UNITED STATES
                       SECURITIES AND EXCHANGE COMMISSION
                             WASHINGTON, D.C. 20549
                                   SCHEDULE TO
                                  (Rule 13e-4)
            TENDER OFFER STATEMENT UNDER SECTION 14(d)(1) OR 13(e)(1)
                     OF THE SECURITIES EXCHANGE ACT OF 1934
                               EMCORE CORPORATION
                       (Name of Subject Company (Issuer))
                               EMCORE CORPORATION
                        (Name of Filing Person (Offeror))

           OPTIONS TO PURCHASE COMMON STOCK, PAR VALUE $.01 PER SHARE,
                         HELD BY CERTAIN OPTION HOLDERS
             UNDER THE EMCORE CORPORATION 2000 STOCK OPTION PLAN AND
               1995 INCENTIVE AND NON-STATUTORY STOCK OPTION PLAN
                         (Title of Class of Securities)

                                    290846104
                      (CUSIP Number of Class of Securities)
                            (Underlying Common Stock)

                                Thomas G. Werthan
                               EMCORE Corporation
                                145 Belmont Drive
                               Somerset, NJ 08873
                                 (732) 271-9090

      (Name, address and telephone number of person authorized to receive
notices and communications on behalf of filing person)

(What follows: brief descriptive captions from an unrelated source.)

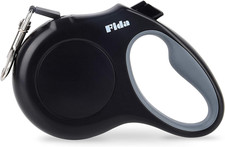 Retractable Dog Leash, 16 Ft Dog Walking Leash for Small Dogs up to 26 Lbs, 360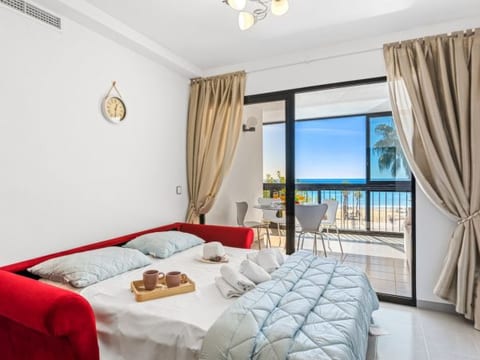Apartment Colon - Plusholidays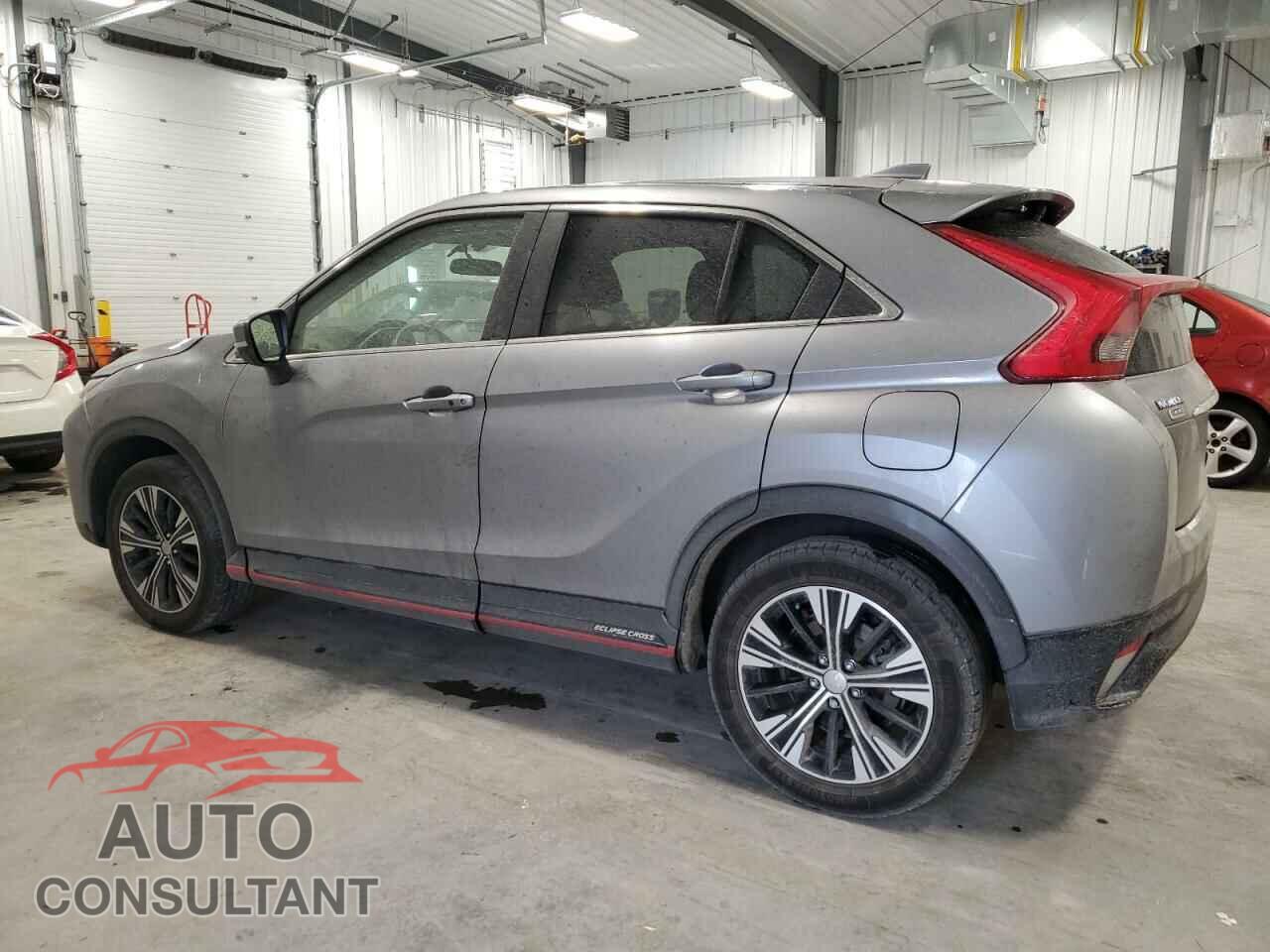 MITSUBISHI ECLIPSE 2019 - JA4AT4AA6KZ602873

                            Calculation of Filing Fee

             Transaction Valuation*           Amount of Filing Fee
                   $6,486,305                         $597
                   ==========                         ====

*Calculated solely for purposes of determining the filing fee. This amount
assumes that options to purchase 3,450,162 shares of common stock of EMCORE
Corporation, having an aggregate value of $1.88 as of September 23, 2002, will
be exchanged pursuant to this offer. The aggregate value of such options was
calculated based on the current market price of the shares of common stock
subject to such options. The amount of the filing fee, calculated in accordance
with Rule 0-11 of the Securities Exchange Act of 1934, as amended, equals
..000092 of the value of the transaction.

[_]  Check the box if any part of the fee is offset as provided by Rule
     0-11(a)(2) and identify the filing with which the offsetting fee was
     previously paid. Identify the previous filing by registration statement
     number, or the Form or Schedule and the date of its filing.

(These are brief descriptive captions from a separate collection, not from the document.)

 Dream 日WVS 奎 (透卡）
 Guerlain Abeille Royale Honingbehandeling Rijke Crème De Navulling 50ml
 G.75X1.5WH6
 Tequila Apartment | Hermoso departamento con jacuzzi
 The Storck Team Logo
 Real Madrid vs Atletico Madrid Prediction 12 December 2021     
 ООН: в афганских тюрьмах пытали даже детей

         Amount Previously Paid: Not applicable.
         Form or Registration No.: Not applicable.
         Filing party: Not applicable.
         Date filed: Not applicable.

[_]  Check the box if the filing relates solely to preliminary communications
     made before the commencement of a tender offer.

Check the appropriate boxes below to designate any transactions to which the
statement relates:

     [_]  third party tender offer subject to Rule 14d-1.
     [X]  issuer tender offer subject to Rule 13e-4.
     [_]  going-private transaction subject to Rule 13e-3.
     [_]  amendment to Schedule 13D under Rule 13d-2.

Check the following box if the filing is a final amendment reporting the results
of the tender offer. [_]



                            INTRODUCTORY STATEMENT

This Tender Offer Statement on Schedule TO (this "Schedule TO") relates to our
offer to exchange certain options to purchase shares of our common stock held by
our optionees for new options to purchase shares of our common stock at a per
share exercise price equal to the closing price of one share of our common stock
on the date of grant upon the terms and subject to the conditions in the Offer
to Exchange dated September 30, 2002 attached hereto as Exhibit (a)(1) (the
"Offer to Exchange") and the related Letter of Transmittal attached hereto as
Exhibit (a)(2) (the "Letter of Transmittal").

The information in the Offer to Exchange and the Letter of Transmittal is
incorporated herein by reference in answer to all applicable items in this
Schedule TO, except as otherwise set forth below.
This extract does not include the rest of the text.